(TASK INSTRUCTIONS):
Retype exactly the span of lines below from the one with "Today we are" through the one with "If you already". Do not include pictures.

### ENTRIES PROVIDED

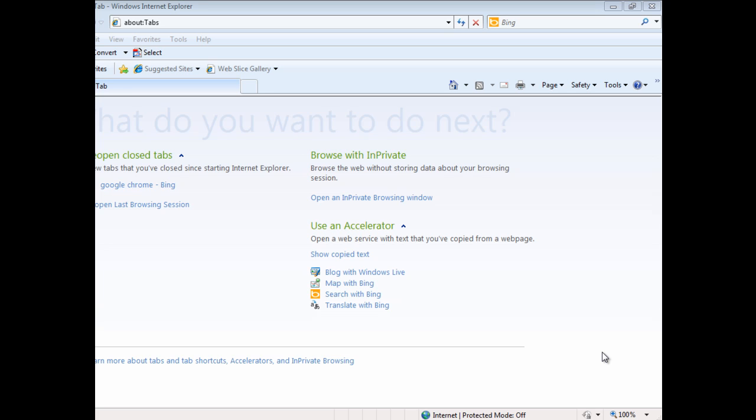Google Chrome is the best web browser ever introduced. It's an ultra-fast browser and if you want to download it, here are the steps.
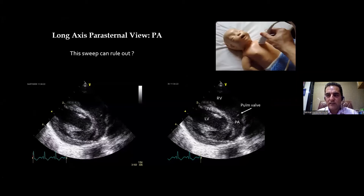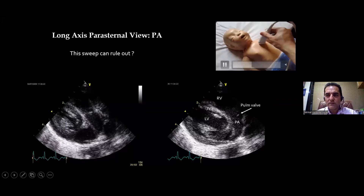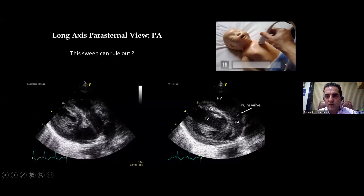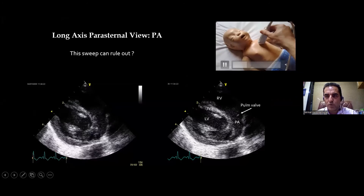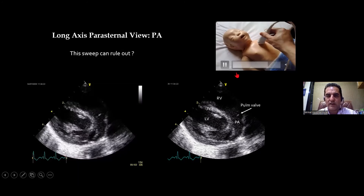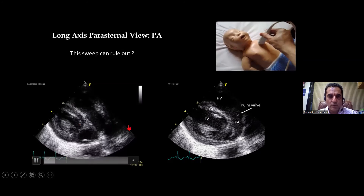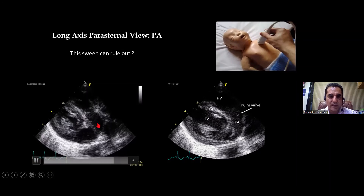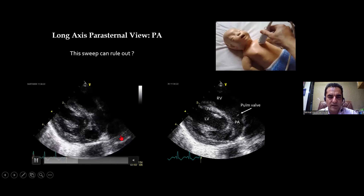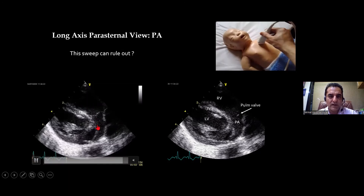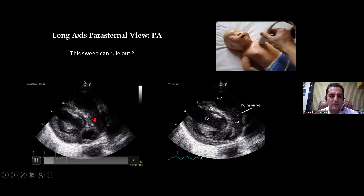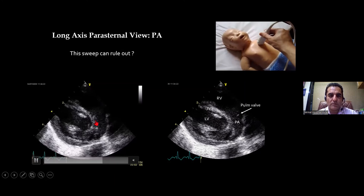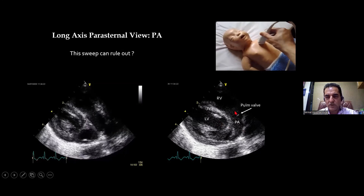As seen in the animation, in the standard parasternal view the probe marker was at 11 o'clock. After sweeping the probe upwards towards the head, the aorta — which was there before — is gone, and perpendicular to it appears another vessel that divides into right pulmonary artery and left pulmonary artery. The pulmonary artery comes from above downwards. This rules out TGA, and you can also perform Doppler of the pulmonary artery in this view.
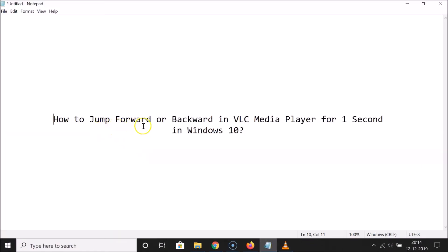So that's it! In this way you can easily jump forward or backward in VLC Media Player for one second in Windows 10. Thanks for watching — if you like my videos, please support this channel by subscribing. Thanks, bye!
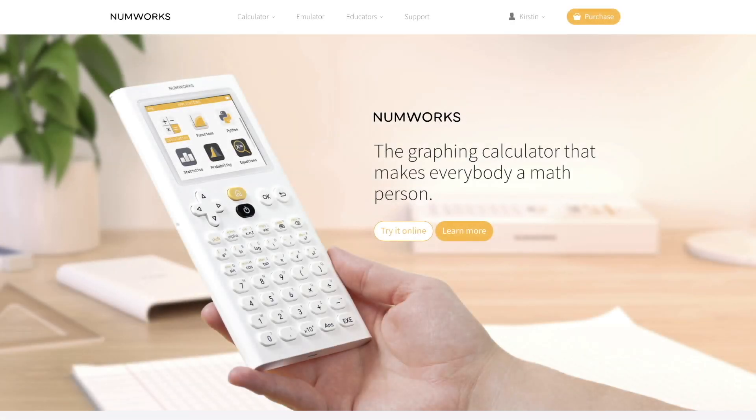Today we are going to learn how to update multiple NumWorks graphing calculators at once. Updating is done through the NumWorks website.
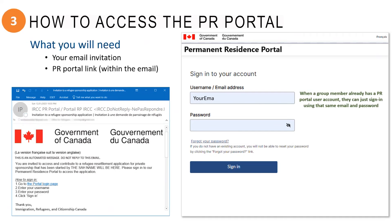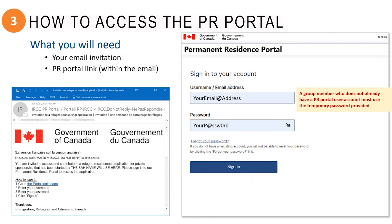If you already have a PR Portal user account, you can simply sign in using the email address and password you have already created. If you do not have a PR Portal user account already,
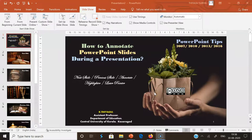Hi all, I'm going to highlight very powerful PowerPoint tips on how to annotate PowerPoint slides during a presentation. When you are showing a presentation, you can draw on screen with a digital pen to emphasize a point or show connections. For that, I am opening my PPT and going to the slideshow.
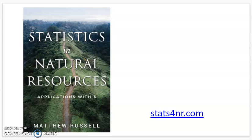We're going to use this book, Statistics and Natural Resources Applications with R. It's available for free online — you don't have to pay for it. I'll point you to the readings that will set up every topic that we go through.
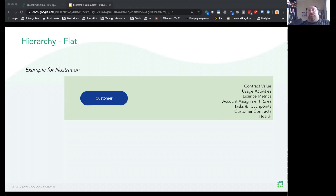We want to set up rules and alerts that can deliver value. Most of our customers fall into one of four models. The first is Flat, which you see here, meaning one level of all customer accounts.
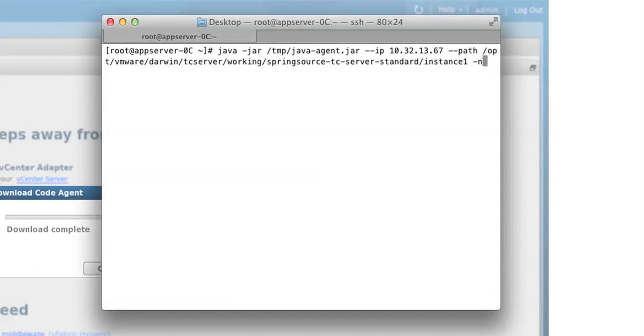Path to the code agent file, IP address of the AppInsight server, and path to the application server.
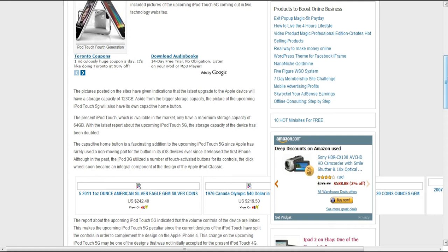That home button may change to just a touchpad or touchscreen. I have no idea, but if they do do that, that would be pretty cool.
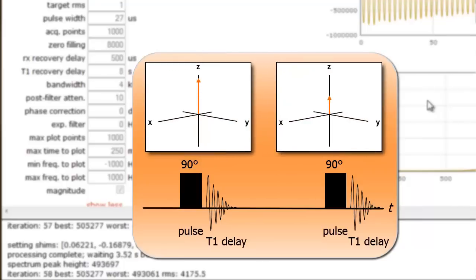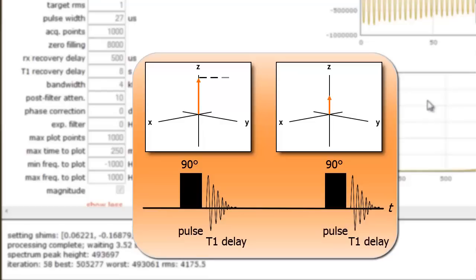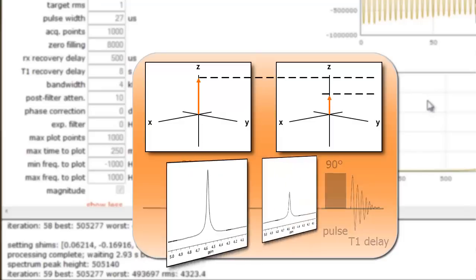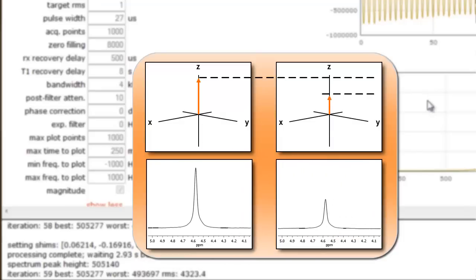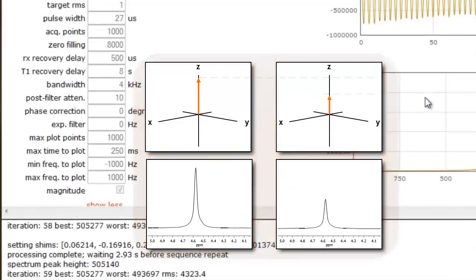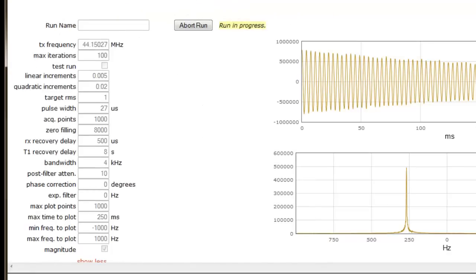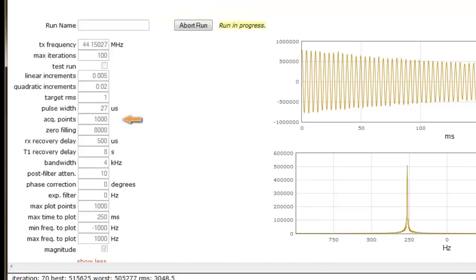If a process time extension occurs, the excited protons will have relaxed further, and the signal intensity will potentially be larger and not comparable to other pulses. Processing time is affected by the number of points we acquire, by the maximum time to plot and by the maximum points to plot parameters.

######
### ENTRIES PROVIDED

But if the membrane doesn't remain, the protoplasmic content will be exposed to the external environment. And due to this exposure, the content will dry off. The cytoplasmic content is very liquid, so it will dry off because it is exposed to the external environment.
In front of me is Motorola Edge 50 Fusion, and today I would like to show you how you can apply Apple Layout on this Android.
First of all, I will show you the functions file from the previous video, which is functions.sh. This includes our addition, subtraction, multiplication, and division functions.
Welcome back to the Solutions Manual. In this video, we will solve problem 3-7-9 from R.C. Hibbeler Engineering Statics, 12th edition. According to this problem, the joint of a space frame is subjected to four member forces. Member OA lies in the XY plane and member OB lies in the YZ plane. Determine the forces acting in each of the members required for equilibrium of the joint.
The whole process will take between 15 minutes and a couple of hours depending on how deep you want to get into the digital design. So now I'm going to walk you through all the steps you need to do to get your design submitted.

######

(ANSWER FOR THIS EXERCISE):
Today we are going to learn how to update multiple NumWorks graphing calculators at once. Updating is done through the NumWorks website.
If you already have a PR Portal user account, you can simply sign in using the email address and password you have already created. If you do not have a PR Portal user account already,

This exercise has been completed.